For fifty years now, the Winzerkeller Andau has provided its currently almost 300 members with the opportunity to do together that which would be impossible for the individual. And since Austria's entry to the EU in 1995, the coöp has spared no expense—to the tune of some 10 Million Euros—in modernizing its grape-collection technique and winemaking procedures, to the point of reaching a very high standard of quality.
Andau is a little community of some 2400 souls, situated less than a mile from Austria's border with Hungary. Back in the days of barbed-wire, checkpoints and machine guns, this neighborhood had very little to rejoice about, being border-country, one that was in no way encouraged to feel pride at its Magyar heritage, even though the province had been part of Hungary until after the 1st World War. The vineyards bear fruit typical to the area: Blaufränkisch, Zweigelt, Sankt Laurent, Muskatt, Grüner Veltliner and Welschriesling.
People have grown grapes here for the better part of millenia, and the culture has always included the fruit of the vine. Cultures change, and winemaking changes along with it. They have now a modern tasting room, and an aggressive marketing campaign is underway. But not all progress is negative! In these relatively prosperous times, the governing body of the Winzergenossenschaft can actually pay a premium for vine-owners to grow fewer bunches on each vine, achieving a higher standard of quality then hitherto thought possible for a coöperative effort—for growers who a generation earlier sold their wine in cask, and gave only the occasional thought to bottling it.

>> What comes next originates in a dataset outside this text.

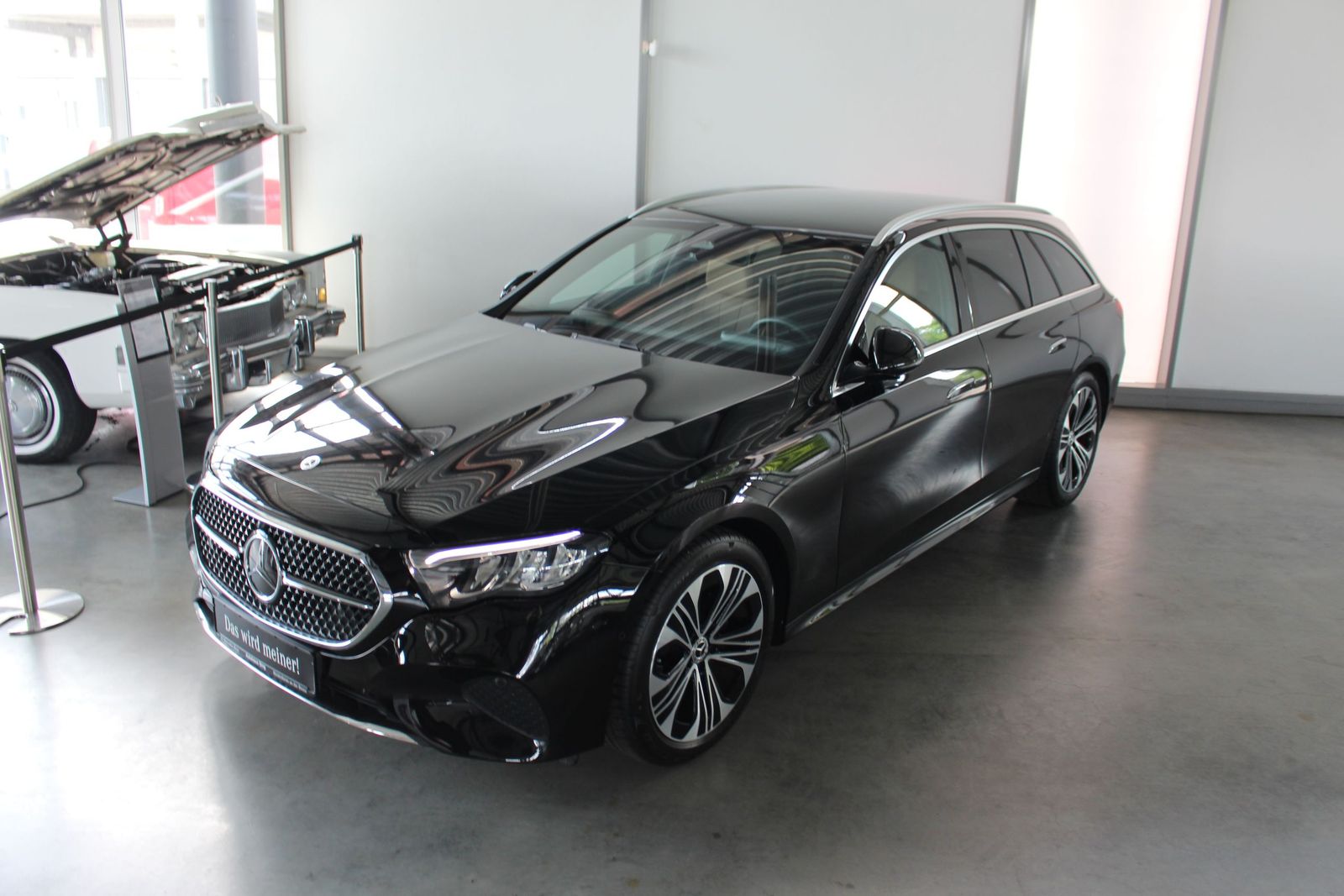 Mercedes-Benz E 220 d T 4M Avantgarde AHK Kamera 19" LED Leder
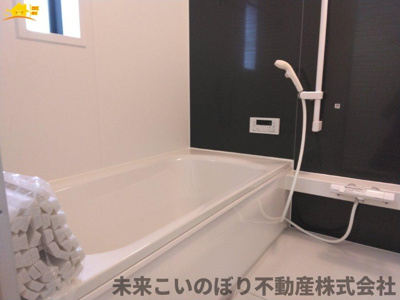 【浴室】 | Cradlegarden加須市北下新井第5　2号棟 | １坪サイズのバスルーム。浴室換気乾燥機を標準装備。乾きやすい床やお手入れのしやすい排水口など、いつも清潔にご使用いただけます。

And so in addition to the popular GV Eiswein Fahrenheit 19, we're happy to add Zweigelt, St Laurent, Blaufränkisch and a dry Grüner Veltliner to our list, all of which deliver top-class performance for a middleclass price.
Powerful wines from the sunny banks of the narrow steppe lake known itself as Neusiedlersee. The hot and dry climate of the eastern banks, known as the Heideboden, offers ideal conditions for growing memorable wines in the categories red, white and nobly sweet. Weissburgunder, Chardonnay and Neuburger yield rich and ageworthy white wines, while the Zweigelt is the most prominent red variety, found in the bottle frequently in the company of Cabernet Sauvignon and Merlot. In the town of Gols, the growers' association Pannobile has done much to raise the reputation of the local red wines, and the recent influence of Biodynamics has had a very positive influence on Blaufränkisch produced in the region, rendering it more expressive and less oaky.